A Cron to Merge Deltas and the Base

Our LSMTree will include a background job for merging deltas and the base to create a new combined base. The developed BaseDeltaMergerCron class uses a ScheduledExecutorService to check for new deltas at a configured frequency. It can merge multiple deltas with a base in one run and it has a configurable parameter maxDeltaReadPercentage to limit the number of deltas merged at once. This prevents any single merging run from taking too long.

BaseDeltaMergerCron Code

public class BaseDeltaMergerCron<T extends OutputStream> {

  ...

  private final BaseDeltaFiles<T> baseDeltaFiles;
  private final double maxDeltaReadPercentage;
  private final Duration checkForDeltasRate;
  private final int baseIndexRate;
  private final ScheduledExecutorService executor;

  private boolean started = false;
  private boolean shutdown = false;
  private boolean hasError = false;
  private ScheduledFuture<?> checkFuture;

  ...

  public boolean hasErrors() {
    return hasError;
  }

  public synchronized void start() {
    Preconditions.checkState(!started);
    checkFuture = executor.schedule(this::checkForDeltas, 0, TimeUnit.SECONDS);
    started = true;
  }

  public synchronized void shutdown() {
    if (!started || shutdown) {
      return;
    }
    if (checkFuture != null) {
      checkFuture.cancel(true);
    }
    shutdown = true;
  }

  private void checkForDeltas() {
    if (shutdown || hasError) {
      return;
    }
    try {
      checkForDeltasInternal();
      synchronized (this) {
        if (!shutdown) {
          checkFuture = executor.schedule(this::checkForDeltas, checkForDeltasRate.toMillis(), TimeUnit.MILLISECONDS);
        }
      }
    } catch (Exception e) {
      LOGGER.log(Level.SEVERE, e, () -> "error in " + getClass().getSimpleName() + ". shutting down");
      hasError = true;
      checkFuture = null;
      shutdown();
    }
  }

  private void checkForDeltasInternal() throws IOException {
    var orderedDeltasInUse = baseDeltaFiles.getOrderedDeltasInUse();
    if (orderedDeltasInUse.isEmpty()) {
      LOGGER.finer(() -> "no deltas in use");
      return;
    }
    LOGGER.fine(() -> "ordered deltas in use " + orderedDeltasInUse);
    Preconditions.checkState(baseDeltaFiles.hasInUseBase());

    var baseOperations = baseDeltaFiles.getBaseOperations();
    var baseSize = baseOperations.length();
    var maxDeltaSize = (long) ((double) baseSize * maxDeltaReadPercentage / (1 - maxDeltaReadPercentage));
    LOGGER.fine(() -> "base size " + Dbf0Util.formatBytes(baseSize) +
        " max delta size " + Dbf0Util.formatBytes(maxDeltaSize));

    var orderedDeltaOpsForMerge = collectDeltaOpsForMerge(orderedDeltasInUse, maxDeltaSize);
    mergeDeltasAndCommit(orderedDeltaOpsForMerge);
    for (var deltaPair : orderedDeltaOpsForMerge) {
      baseDeltaFiles.deleteDelta(deltaPair.getKey());
    }
  }
  ...
}

A key component used by our BaseDeltaMergerCron is the ValueSelectorIterator. This class handles selecting the newest record for a key when multiple records exist for the key. It accomplishes this by decorating each key/value entry from a container store with an rank denoting the order of the container from which it was read. Newer containers are associated with higher rank. It then uses the guava routine Iterators.mergeSorted to combine multiple iterators, each representing a sorted sequence of key/value pairs from a container store, into a single sorted Iterator. Lastly, it consumes this merged-sorted iterator using a PeekingIterator to assist in grouping together all records for the same key. While processing a group, it selects the value with the highest rank entry.

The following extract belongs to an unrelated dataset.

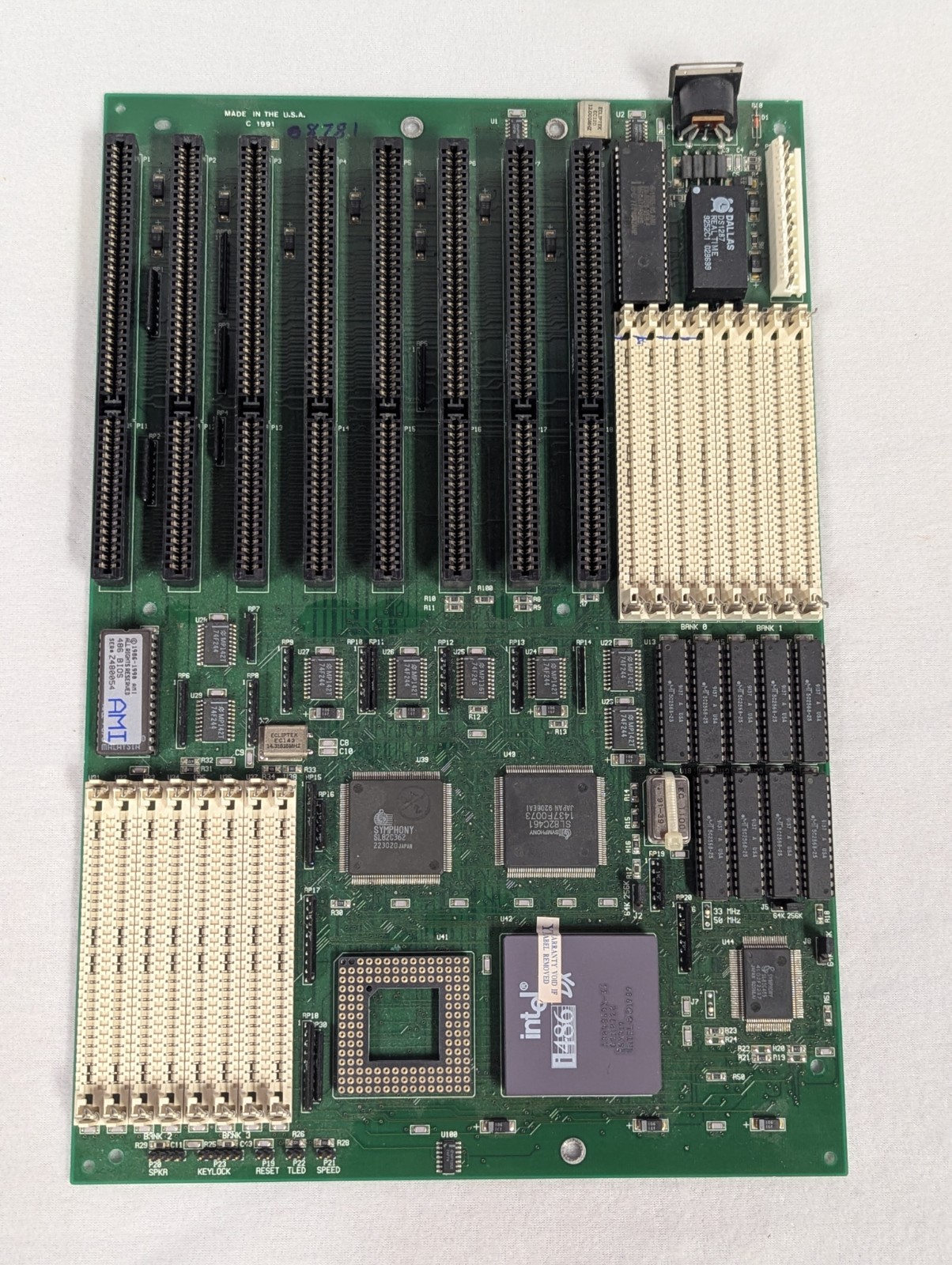 Vtg 1991 I486 DX Motherboard Symphony Core Logic Chipset 486DX 33Mhz Processor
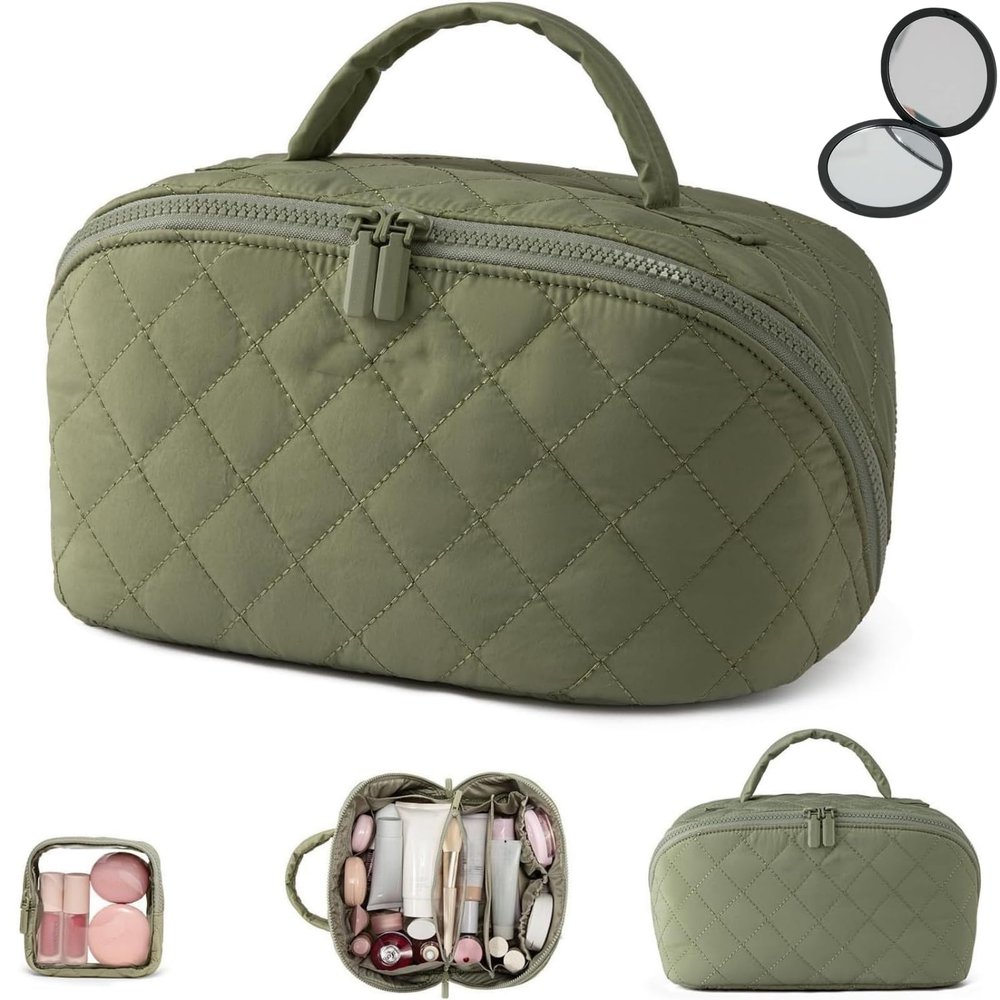 180 Wide Open Travel Makeup Bag, Large Capacity Portable Makeup Bag with Handle, Lightweight Waterproof Organizer for Toiletries & Brushes with Compartments (Green)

ValueSelectorIterator Code

class ValueSelectorIterator implements Iterator<Pair<ByteArrayWrapper, ByteArrayWrapper>> {

  private final PeekingIterator<KeyValueRank> sortedIterator;

  ValueSelectorIterator(Iterator<KeyValueRank> sortedIterator) {
    this.sortedIterator = Iterators.peekingIterator(sortedIterator);
  }

  @Override public boolean hasNext() {
    return sortedIterator.hasNext();
  }

  @Override public Pair<ByteArrayWrapper, ByteArrayWrapper> next() {
    var first = sortedIterator.next();
    var key = first.key;
    var highestRank = first.rank;
    var highestRankValue = first.value;
    while (sortedIterator.hasNext() && sortedIterator.peek().key.equals(key)) {
      var entry = sortedIterator.next();
      if (entry.rank > highestRank) {
        highestRank = entry.rank;
        highestRankValue = entry.value;
      }
    }
    return Pair.of(key, highestRankValue);
  }

  static ValueSelectorIterator createSortedAndSelectedIterator(List<KeyValueFileReader> orderedReaders) {
    var rankedIterators = StreamUtils.zipWithIndex(orderedReaders.stream()
                                                   .map(KeyValueFileIterator::new))
        .map(indexedIterator ->
               addRank(indexedIterator.getValue(), (int) indexedIterator.getIndex()))
        .collect(Collectors.toList());
    var mergeSortedIterator = Iterators.mergeSorted(rankedIterators,
                                                    Comparator.comparing(KeyValueRank::getKey));
    return new ValueSelectorIterator(mergeSortedIterator);
  }

  static Iterator<KeyValueRank> addRank(Iterator<Pair<ByteArrayWrapper, ByteArrayWrapper>> iterator, int rank) {
    return Iterators.transform(iterator, pair -> new KeyValueRank(pair.getKey(), pair.getValue(), rank));
  }

  static class KeyValueRank {
    final ByteArrayWrapper key;
    final ByteArrayWrapper value;
    final int rank;

    KeyValueRank(ByteArrayWrapper key, ByteArrayWrapper value, int rank) {
      this.key = key;
      this.value = value;
      this.rank = rank;
    }

    ByteArrayWrapper getKey() {
      return key;
    }
  }
}

Putting It All Together Into Our LSM Tree

Now we can combine our DeltaWriterCoordinator, DeltaWriterCoordinator, and BaseDeltaMergerCron to create our LsmTree. This class implements the ReadWriteStorage<K, V> interface with the following methods.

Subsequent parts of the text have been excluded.